[The data]

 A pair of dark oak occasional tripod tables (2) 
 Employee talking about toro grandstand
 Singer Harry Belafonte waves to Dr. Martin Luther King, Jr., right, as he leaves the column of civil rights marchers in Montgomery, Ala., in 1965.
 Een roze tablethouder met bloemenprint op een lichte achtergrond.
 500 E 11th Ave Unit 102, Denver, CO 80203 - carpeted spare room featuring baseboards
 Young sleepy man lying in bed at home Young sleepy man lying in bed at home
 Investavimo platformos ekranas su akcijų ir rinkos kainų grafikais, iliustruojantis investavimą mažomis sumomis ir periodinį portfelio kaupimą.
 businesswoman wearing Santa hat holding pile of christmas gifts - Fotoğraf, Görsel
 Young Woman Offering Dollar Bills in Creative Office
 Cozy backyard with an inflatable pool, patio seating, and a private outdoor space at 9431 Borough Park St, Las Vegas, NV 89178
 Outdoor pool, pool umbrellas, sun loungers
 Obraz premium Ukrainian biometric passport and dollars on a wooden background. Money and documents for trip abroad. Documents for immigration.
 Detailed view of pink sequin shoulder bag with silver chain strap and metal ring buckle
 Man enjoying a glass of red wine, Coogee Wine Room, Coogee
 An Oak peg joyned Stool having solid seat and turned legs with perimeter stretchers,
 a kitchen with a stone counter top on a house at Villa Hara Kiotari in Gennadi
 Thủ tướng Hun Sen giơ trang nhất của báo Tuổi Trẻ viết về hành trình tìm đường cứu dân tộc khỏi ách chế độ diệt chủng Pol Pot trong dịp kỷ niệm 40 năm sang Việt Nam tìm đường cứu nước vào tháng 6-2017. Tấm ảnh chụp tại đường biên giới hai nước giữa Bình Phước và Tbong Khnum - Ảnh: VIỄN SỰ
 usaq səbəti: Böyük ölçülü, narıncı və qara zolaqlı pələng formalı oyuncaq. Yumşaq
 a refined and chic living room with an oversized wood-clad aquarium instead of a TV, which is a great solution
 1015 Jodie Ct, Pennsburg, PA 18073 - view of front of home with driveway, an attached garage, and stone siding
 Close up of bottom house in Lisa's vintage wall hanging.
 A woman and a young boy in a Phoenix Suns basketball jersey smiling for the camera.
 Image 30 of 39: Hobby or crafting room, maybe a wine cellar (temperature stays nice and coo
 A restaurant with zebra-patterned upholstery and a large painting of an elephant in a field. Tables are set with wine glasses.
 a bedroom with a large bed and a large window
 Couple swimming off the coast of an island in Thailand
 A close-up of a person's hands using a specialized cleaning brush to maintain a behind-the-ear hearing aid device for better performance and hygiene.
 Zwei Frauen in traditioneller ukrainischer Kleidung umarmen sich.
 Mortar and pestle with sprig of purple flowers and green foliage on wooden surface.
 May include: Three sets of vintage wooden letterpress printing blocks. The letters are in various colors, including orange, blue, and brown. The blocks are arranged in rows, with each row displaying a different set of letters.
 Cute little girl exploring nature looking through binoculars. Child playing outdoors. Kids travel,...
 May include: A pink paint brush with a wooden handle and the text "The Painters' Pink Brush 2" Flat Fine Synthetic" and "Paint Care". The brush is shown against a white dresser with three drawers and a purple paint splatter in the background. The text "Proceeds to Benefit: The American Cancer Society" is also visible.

[/The data]

• **Directions for this task**: Could you restate every entry above word for word?

• **Your response**:
 A pair of dark oak occasional tripod tables (2) 
 Employee talking about toro grandstand
 Singer Harry Belafonte waves to Dr. Martin Luther King, Jr., right, as he leaves the column of civil rights marchers in Montgomery, Ala., in 1965.
 Een roze tablethouder met bloemenprint op een lichte achtergrond.
 500 E 11th Ave Unit 102, Denver, CO 80203 - carpeted spare room featuring baseboards
 Young sleepy man lying in bed at home Young sleepy man lying in bed at home
 Investavimo platformos ekranas su akcijų ir rinkos kainų grafikais, iliustruojantis investavimą mažomis sumomis ir periodinį portfelio kaupimą.
 businesswoman wearing Santa hat holding pile of christmas gifts - Fotoğraf, Görsel
 Young Woman Offering Dollar Bills in Creative Office
 Cozy backyard with an inflatable pool, patio seating, and a private outdoor space at 9431 Borough Park St, Las Vegas, NV 89178
 Outdoor pool, pool umbrellas, sun loungers
 Obraz premium Ukrainian biometric passport and dollars on a wooden background. Money and documents for trip abroad. Documents for immigration.
 Detailed view of pink sequin shoulder bag with silver chain strap and metal ring buckle
 Man enjoying a glass of red wine, Coogee Wine Room, Coogee
 An Oak peg joyned Stool having solid seat and turned legs with perimeter stretchers,
 a kitchen with a stone counter top on a house at Villa Hara Kiotari in Gennadi
 Thủ tướng Hun Sen giơ trang nhất của báo Tuổi Trẻ viết về hành trình tìm đường cứu dân tộc khỏi ách chế độ diệt chủng Pol Pot trong dịp kỷ niệm 40 năm sang Việt Nam tìm đường cứu nước vào tháng 6-2017. Tấm ảnh chụp tại đường biên giới hai nước giữa Bình Phước và Tbong Khnum - Ảnh: VIỄN SỰ
 usaq səbəti: Böyük ölçülü, narıncı və qara zolaqlı pələng formalı oyuncaq. Yumşaq
 a refined and chic living room with an oversized wood-clad aquarium instead of a TV, which is a great solution
 1015 Jodie Ct, Pennsburg, PA 18073 - view of front of home with driveway, an attached garage, and stone siding
 Close up of bottom house in Lisa's vintage wall hanging.
 A woman and a young boy in a Phoenix Suns basketball jersey smiling for the camera.
 Image 30 of 39: Hobby or crafting room, maybe a wine cellar (temperature stays nice and coo
 A restaurant with zebra-patterned upholstery and a large painting of an elephant in a field. Tables are set with wine glasses.
 a bedroom with a large bed and a large window
 Couple swimming off the coast of an island in Thailand
 A close-up of a person's hands using a specialized cleaning brush to maintain a behind-the-ear hearing aid device for better performance and hygiene.
 Zwei Frauen in traditioneller ukrainischer Kleidung umarmen sich.
 Mortar and pestle with sprig of purple flowers and green foliage on wooden surface.
 May include: Three sets of vintage wooden letterpress printing blocks. The letters are in various colors, including orange, blue, and brown. The blocks are arranged in rows, with each row displaying a different set of letters.
 Cute little girl exploring nature looking through binoculars. Child playing outdoors. Kids travel,...
 May include: A pink paint brush with a wooden handle and the text "The Painters' Pink Brush 2" Flat Fine Synthetic" and "Paint Care". The brush is shown against a white dresser with three drawers and a purple paint splatter in the background. The text "Proceeds to Benefit: The American Cancer Society" is also visible.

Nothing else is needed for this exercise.